[Opening Available data section]

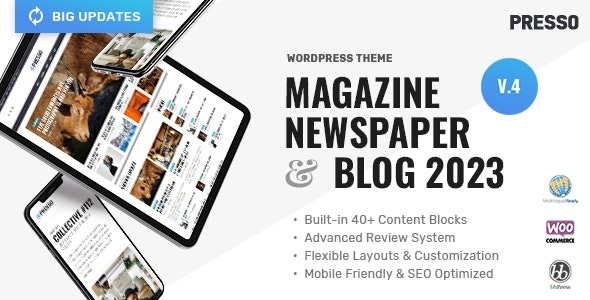 PRESSO v4.0.0 现代杂志报纸病毒式传播主题 - 清洁现代杂志主题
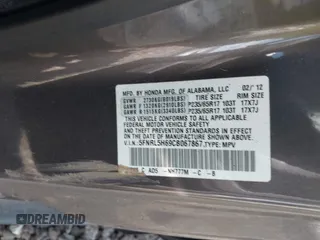 2012 Honda Odyssey EX-L with VIN 5FNRL5H69CB067867, listed as a IAAI auction lot 42225228 with Not provided miles and . Bid and sale history available at DreamBid. Image 9.
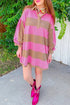Striped Button Long Sleeve Shift T Shirt Dress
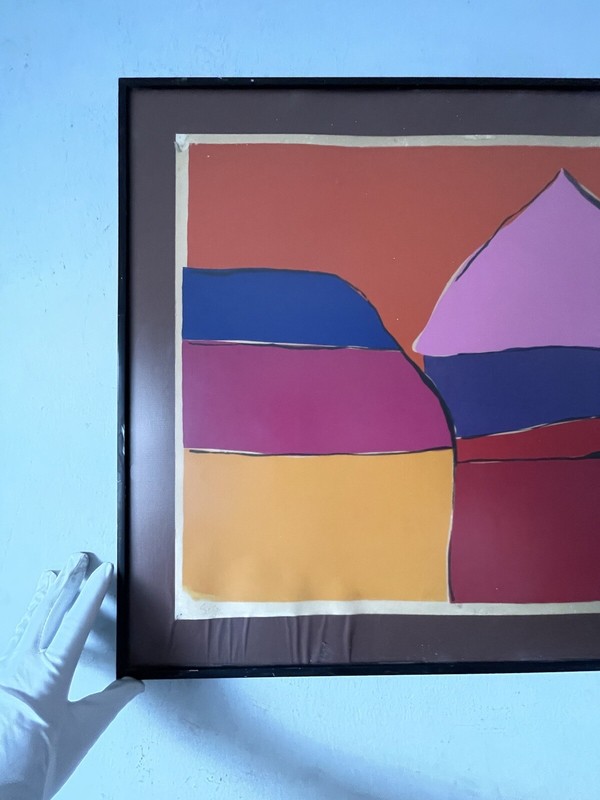 FANTASTIC VINTAGE MID CENTURY MODERN ABSTRACT LITHOGRAPH OLD CUBISM CUBIST 1968 gallery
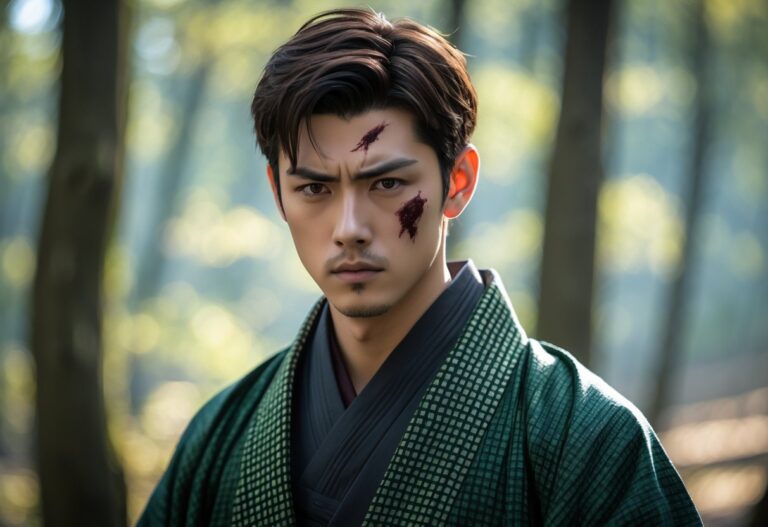 Um jovem homem com cabelo castanho curto e uma cicatriz na testa, vestindo um casaco tradicional japonês verde e preto, em um ambiente de floresta com luz suave.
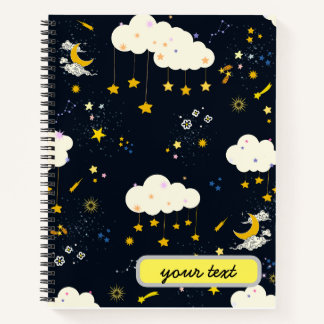 Custom Modern Cool magic sky stars Rocket Galaxy Notebook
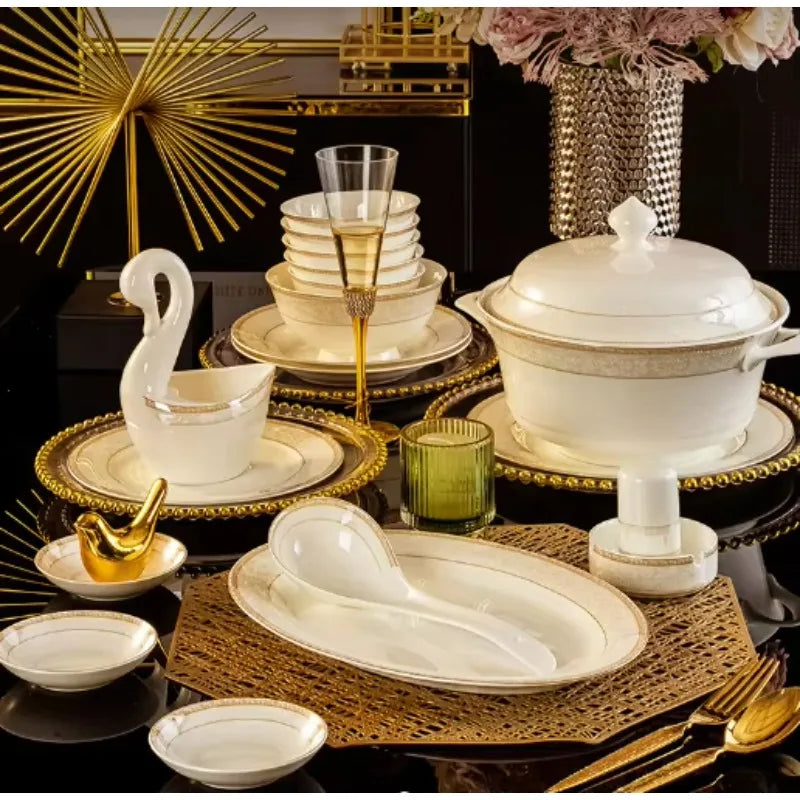 Christmas Ceramic Tableware 60 Sets Equipped With Rich Pot Fashion Xiaozi Series 10 People Dining Simple Bone China...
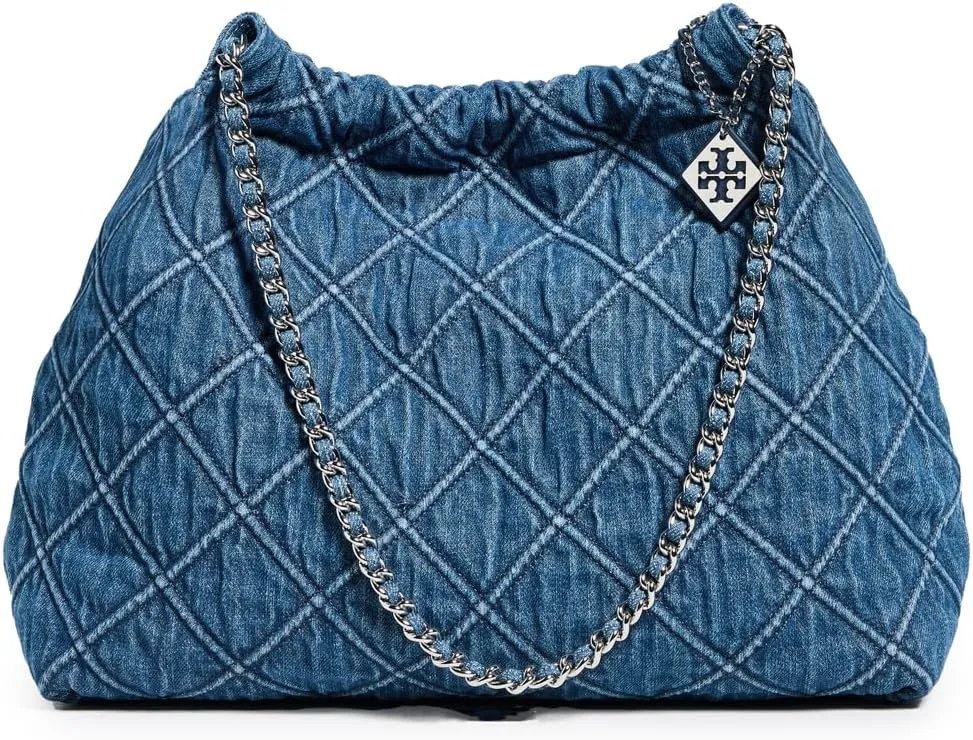 Tory Burch Fleming Soft Quilted Hobo Bag - Denim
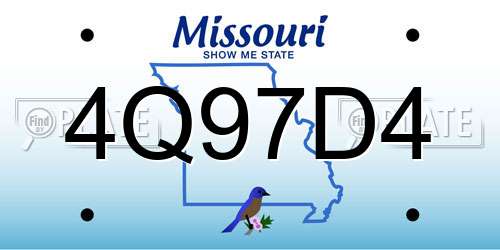 4Q97D4 Missouri License Plate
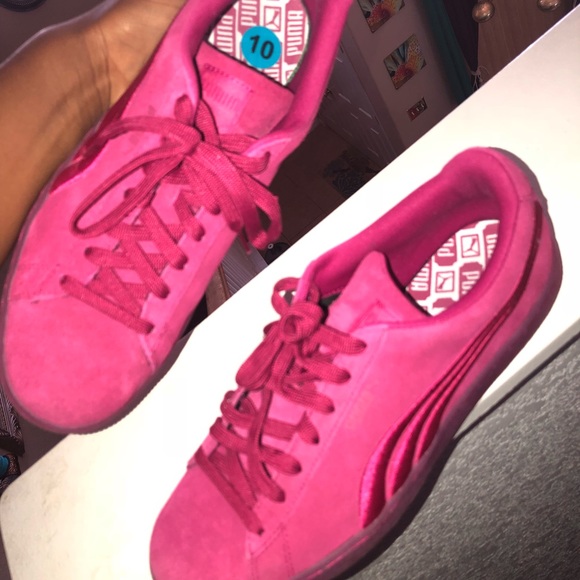 Puma Shoes All Pink Suede Pumas Poshmark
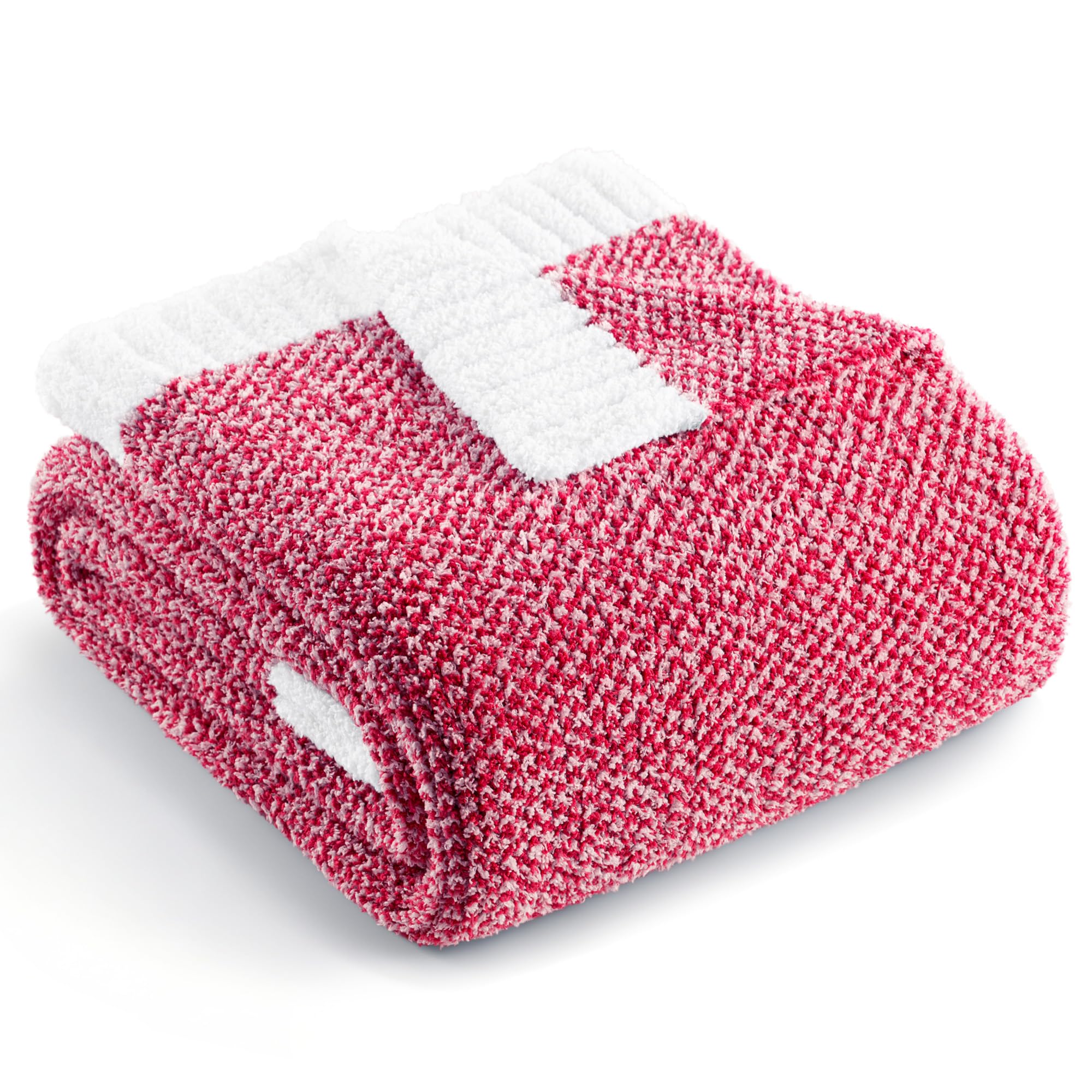 Exclusivo Mezcla Double Size Knit Blanket for Bed, Ultra Soft and Warm Reversible Woven Blankets, Cozy Snuggly Throw for Couch Bed and Home Decor, Heather Red, 150x200 CM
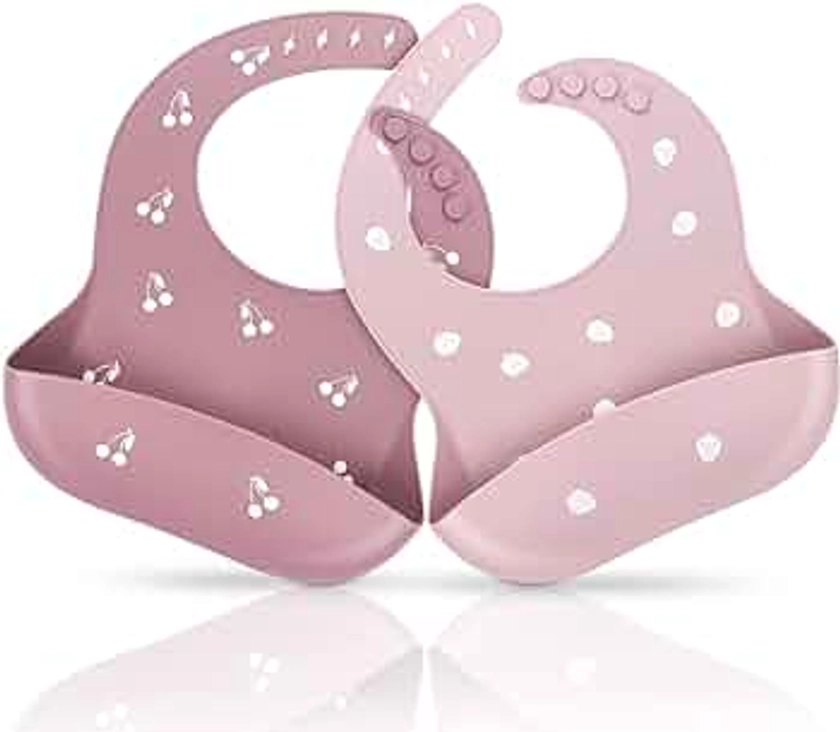 ME.FAN Silicone Baby Bibs for Babies & Toddlers | Adjustable Silicone Bibs Set of 2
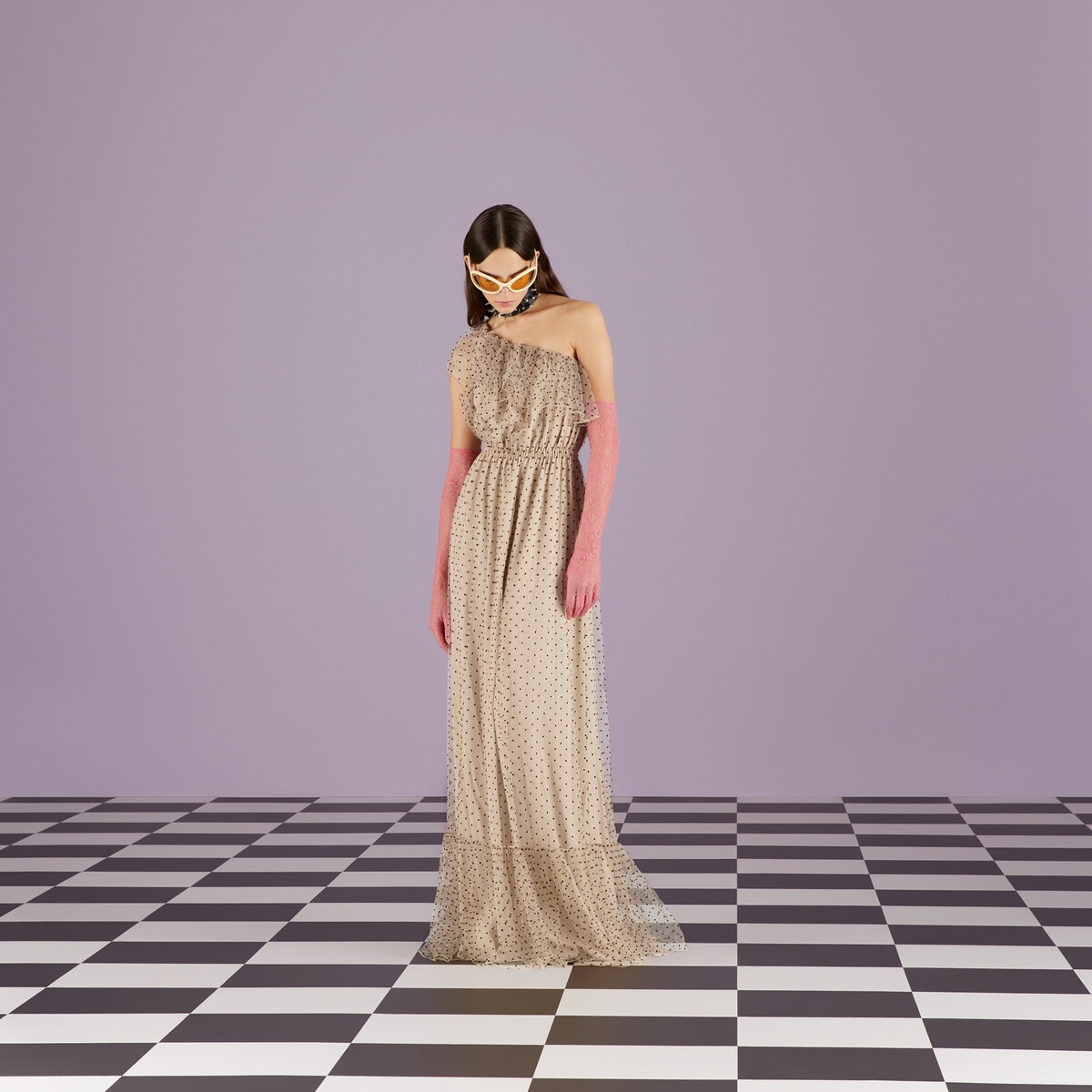 Long polka dot sleeveless tulle dress - 5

[Closing Available data section]

Without the pictures, restate all of the entries above verbatim.

§ Written answer
 PRESSO v4.0.0 现代杂志报纸病毒式传播主题 - 清洁现代杂志主题
 2012 Honda Odyssey EX-L with VIN 5FNRL5H69CB067867, listed as a IAAI auction lot 42225228 with Not provided miles and . Bid and sale history available at DreamBid. Image 9.
Striped Button Long Sleeve Shift T Shirt Dress
 FANTASTIC VINTAGE MID CENTURY MODERN ABSTRACT LITHOGRAPH OLD CUBISM CUBIST 1968 gallery
 Um jovem homem com cabelo castanho curto e uma cicatriz na testa, vestindo um casaco tradicional japonês verde e preto, em um ambiente de floresta com luz suave.
 Custom Modern Cool magic sky stars Rocket Galaxy Notebook
 Christmas Ceramic Tableware 60 Sets Equipped With Rich Pot Fashion Xiaozi Series 10 People Dining Simple Bone China...
 Tory Burch Fleming Soft Quilted Hobo Bag - Denim
 4Q97D4 Missouri License Plate
 Puma Shoes All Pink Suede Pumas Poshmark
 Exclusivo Mezcla Double Size Knit Blanket for Bed, Ultra Soft and Warm Reversible Woven Blankets, Cozy Snuggly Throw for Couch Bed and Home Decor, Heather Red, 150x200 CM
 ME.FAN Silicone Baby Bibs for Babies & Toddlers | Adjustable Silicone Bibs Set of 2
 Long polka dot sleeveless tulle dress - 5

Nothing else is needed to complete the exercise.